How you legally structure your business affects your tax status and your liability. It has a major impact on how investors, banks, and credit unions perceive your worth. So taking the time to investigate your choices makes sense.
Changing from one structure to another after you’ve been in business awhile is possible, but there is paperwork and legal tasks to perform. These tasks may include transferring licenses and permits, dissolving the entity, registering with local and state agencies, and notifying the IRS, banks, credit unions, and vendors. Plus, you might need to hire an accountant and lawyer to ensure the change properly executed.
Here is a look at the most common ways to structure your business and their ramifications.
Types of Organizational Structures
In the United States, there are four main types of business structures:
- Sole proprietorship
- Limited liability, or LLC
Each has its pros and cons.
A sole proprietorship is the way many small businesses start because it is simple to get started. As the owner, it gives you complete control over the operations of the business. Many home-based businesses and one-person consultancies choose this, as well as small shops and retail and service-based firms.
With a sole proprietorship, you need to keep your records and pay the IRS with self-employment taxes. To reduce the burden of once a year tax payment, you can spread it out in four equal payments throughout the year, using estimated tax as your basis.
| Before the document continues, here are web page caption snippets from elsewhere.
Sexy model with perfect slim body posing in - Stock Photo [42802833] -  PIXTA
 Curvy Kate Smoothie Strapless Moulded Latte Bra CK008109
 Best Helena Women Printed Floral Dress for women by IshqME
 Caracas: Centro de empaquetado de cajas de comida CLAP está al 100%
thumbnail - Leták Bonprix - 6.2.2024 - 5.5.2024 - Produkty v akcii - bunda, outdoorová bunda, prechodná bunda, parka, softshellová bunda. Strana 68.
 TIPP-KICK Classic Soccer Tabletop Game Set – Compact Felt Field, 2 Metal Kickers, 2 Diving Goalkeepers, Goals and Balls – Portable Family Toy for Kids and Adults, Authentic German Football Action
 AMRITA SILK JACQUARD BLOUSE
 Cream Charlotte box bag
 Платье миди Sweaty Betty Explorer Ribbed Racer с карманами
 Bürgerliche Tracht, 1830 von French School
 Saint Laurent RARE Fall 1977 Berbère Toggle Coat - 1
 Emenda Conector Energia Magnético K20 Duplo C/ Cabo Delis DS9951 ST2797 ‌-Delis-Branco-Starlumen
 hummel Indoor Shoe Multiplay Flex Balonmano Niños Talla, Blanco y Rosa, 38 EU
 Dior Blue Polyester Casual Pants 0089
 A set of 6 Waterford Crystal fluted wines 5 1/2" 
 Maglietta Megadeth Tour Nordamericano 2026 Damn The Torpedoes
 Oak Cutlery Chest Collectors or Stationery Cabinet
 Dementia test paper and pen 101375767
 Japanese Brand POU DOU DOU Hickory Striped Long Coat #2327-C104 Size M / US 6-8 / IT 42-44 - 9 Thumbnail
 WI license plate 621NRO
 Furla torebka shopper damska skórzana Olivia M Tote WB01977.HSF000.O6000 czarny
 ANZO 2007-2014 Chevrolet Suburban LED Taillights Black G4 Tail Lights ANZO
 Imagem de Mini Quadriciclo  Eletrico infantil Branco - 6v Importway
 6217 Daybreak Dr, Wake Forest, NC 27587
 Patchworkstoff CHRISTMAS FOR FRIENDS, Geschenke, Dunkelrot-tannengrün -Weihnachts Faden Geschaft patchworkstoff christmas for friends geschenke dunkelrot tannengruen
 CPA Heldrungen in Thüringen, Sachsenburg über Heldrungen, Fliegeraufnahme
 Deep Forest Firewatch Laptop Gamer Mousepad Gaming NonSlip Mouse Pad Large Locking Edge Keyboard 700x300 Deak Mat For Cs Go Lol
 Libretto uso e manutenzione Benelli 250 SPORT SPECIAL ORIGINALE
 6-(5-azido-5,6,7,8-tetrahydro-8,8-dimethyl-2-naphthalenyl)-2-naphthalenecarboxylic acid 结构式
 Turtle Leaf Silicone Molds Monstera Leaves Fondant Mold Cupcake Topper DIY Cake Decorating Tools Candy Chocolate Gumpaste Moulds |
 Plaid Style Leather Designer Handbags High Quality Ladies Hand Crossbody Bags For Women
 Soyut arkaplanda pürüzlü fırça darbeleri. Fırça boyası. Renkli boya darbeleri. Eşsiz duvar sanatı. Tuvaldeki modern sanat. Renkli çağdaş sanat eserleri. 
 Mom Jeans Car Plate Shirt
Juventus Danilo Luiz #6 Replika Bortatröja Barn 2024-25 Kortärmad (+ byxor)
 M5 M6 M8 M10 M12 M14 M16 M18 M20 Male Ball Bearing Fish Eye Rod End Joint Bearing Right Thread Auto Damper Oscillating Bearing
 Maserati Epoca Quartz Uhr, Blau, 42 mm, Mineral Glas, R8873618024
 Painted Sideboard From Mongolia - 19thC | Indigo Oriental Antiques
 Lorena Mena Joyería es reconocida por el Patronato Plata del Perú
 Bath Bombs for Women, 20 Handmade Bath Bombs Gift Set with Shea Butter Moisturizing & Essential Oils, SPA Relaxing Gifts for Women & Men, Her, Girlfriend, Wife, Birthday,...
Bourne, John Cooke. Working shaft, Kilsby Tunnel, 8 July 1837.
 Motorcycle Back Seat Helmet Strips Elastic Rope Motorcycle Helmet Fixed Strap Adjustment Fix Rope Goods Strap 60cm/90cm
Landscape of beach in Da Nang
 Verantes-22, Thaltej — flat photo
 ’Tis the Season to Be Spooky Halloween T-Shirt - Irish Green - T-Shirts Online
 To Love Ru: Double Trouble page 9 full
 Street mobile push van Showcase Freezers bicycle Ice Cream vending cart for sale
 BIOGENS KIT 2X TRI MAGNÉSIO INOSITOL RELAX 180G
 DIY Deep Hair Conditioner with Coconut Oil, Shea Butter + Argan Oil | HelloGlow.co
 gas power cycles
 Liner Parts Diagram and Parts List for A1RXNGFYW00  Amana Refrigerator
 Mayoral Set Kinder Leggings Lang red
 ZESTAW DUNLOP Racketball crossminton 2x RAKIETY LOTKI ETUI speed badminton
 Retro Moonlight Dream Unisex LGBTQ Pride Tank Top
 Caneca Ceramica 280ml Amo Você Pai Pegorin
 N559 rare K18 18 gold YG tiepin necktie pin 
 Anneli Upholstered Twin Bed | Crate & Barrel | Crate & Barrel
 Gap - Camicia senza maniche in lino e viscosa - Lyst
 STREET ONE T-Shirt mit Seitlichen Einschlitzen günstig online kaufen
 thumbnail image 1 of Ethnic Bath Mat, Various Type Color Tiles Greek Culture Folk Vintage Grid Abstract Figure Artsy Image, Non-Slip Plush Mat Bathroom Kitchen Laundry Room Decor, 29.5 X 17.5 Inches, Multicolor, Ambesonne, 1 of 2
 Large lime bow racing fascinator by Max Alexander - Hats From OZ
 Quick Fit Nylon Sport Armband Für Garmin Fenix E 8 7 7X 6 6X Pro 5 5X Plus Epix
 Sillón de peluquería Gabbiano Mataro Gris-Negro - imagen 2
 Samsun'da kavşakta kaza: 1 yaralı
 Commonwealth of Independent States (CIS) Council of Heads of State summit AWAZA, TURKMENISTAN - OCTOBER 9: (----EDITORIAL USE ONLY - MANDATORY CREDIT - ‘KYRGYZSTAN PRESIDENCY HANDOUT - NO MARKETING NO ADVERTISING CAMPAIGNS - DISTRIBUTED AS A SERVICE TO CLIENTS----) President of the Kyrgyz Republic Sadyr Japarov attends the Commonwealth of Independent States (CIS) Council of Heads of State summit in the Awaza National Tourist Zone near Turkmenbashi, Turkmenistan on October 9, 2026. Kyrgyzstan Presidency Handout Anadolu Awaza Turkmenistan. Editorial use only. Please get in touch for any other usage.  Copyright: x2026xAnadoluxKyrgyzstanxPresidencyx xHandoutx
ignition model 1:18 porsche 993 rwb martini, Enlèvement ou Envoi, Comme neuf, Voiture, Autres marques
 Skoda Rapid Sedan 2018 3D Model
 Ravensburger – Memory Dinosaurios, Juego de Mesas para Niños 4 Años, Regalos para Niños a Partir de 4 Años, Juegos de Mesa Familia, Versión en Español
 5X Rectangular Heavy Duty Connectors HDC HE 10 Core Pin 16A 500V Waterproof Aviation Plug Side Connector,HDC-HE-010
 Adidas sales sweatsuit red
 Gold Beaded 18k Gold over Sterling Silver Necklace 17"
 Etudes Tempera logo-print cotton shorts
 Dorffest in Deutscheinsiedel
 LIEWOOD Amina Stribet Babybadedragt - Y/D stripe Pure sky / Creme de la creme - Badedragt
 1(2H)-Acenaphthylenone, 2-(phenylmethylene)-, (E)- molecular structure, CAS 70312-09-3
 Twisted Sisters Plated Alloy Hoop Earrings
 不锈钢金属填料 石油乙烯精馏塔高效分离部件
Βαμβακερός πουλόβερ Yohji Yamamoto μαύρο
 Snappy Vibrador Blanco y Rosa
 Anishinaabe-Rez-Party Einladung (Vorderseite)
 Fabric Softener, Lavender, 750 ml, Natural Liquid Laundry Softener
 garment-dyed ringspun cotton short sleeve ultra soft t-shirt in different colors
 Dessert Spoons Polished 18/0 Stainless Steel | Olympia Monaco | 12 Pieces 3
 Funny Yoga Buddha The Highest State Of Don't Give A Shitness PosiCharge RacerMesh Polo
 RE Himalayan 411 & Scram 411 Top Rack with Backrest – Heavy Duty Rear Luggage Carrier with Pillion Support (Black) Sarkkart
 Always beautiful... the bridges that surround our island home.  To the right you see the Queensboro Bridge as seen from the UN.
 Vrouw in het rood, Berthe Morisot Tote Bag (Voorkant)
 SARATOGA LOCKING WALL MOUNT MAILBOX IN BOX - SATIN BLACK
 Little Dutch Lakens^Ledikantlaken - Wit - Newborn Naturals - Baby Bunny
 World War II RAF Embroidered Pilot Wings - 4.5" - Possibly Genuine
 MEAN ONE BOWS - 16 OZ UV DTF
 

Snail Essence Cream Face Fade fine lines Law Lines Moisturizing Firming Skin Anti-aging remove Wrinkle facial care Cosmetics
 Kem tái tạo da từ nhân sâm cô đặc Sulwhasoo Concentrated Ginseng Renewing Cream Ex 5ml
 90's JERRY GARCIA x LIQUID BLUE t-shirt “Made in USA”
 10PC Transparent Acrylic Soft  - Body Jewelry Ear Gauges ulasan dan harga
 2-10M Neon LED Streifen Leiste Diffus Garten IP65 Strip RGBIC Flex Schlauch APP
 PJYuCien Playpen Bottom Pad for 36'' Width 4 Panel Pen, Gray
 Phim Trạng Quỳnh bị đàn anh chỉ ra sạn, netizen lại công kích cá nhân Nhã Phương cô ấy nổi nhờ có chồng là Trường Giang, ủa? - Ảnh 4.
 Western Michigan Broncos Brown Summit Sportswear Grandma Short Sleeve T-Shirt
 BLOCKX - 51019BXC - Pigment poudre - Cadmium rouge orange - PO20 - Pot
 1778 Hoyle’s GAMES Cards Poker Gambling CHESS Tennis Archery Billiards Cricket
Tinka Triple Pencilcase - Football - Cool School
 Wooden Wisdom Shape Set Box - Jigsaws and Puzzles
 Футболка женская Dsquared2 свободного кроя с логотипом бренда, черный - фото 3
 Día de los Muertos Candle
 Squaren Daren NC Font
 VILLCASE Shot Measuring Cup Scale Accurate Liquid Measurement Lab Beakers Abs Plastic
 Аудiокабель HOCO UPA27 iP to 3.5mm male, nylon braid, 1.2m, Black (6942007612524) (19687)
This structure does have limitations. You are afforded no safety net for liability, debt, and financial obligations, so your personal assets are at risk.
However, it has tax advantages, especially helpful in the early days of a business. You can use your business losses to offset other income since everything is reported on your personal tax return.
If you join up with a colleague to put together a business, your organizational structure is the partnership. There can be two or more people in the partnership, each with an equal share of both the net profits and the net losses.
Each partner reports his income on his personal IRS tax form and pays self-employment taxes. If the partnership gets sued, each partner is personally liable for debt and obligations, as well as the actions of each of the other partners.
LLCs and S Corps
Both LLCs and S Corps are hybrids of the corporation form of organizational structuring. A corporation is the most complex of all the types. Its biggest advantage is that any liabilities and obligations get borne by the corporation, not the individual owner. Corporations are taxed as separate legal entities at specific corporate tax rates. Individual states regulate corporations.
Limited liability corporations have become popular because they offer some protection in liability cases, as the name implies, just like a corporate structure does. With an LLC, even if you are the sole person in the business, you are viewed as a member of the company, not the owner. Some LLCs are partnerships.
With an LLC, both earnings and losses are passed through to the person who owns the business, who then includes them on their personal tax return.
Subchapter S corporations, usually called S corps, can pass both losses and income on to their shareholders. This gives them a legal avenue to avoid paying federal income taxes, eliminating the chance of double taxation of the profits of the corporation.
It is wise to ask an accountant or lawyer for input as to which structure will work best for your business and the future you envision for it. As your business grows and its needs change, rest assured though that your business structure can most likely be altered to meet these changes. Many startup businesses begin as a sole proprietorship or partnership and grow into an LLC or corporation.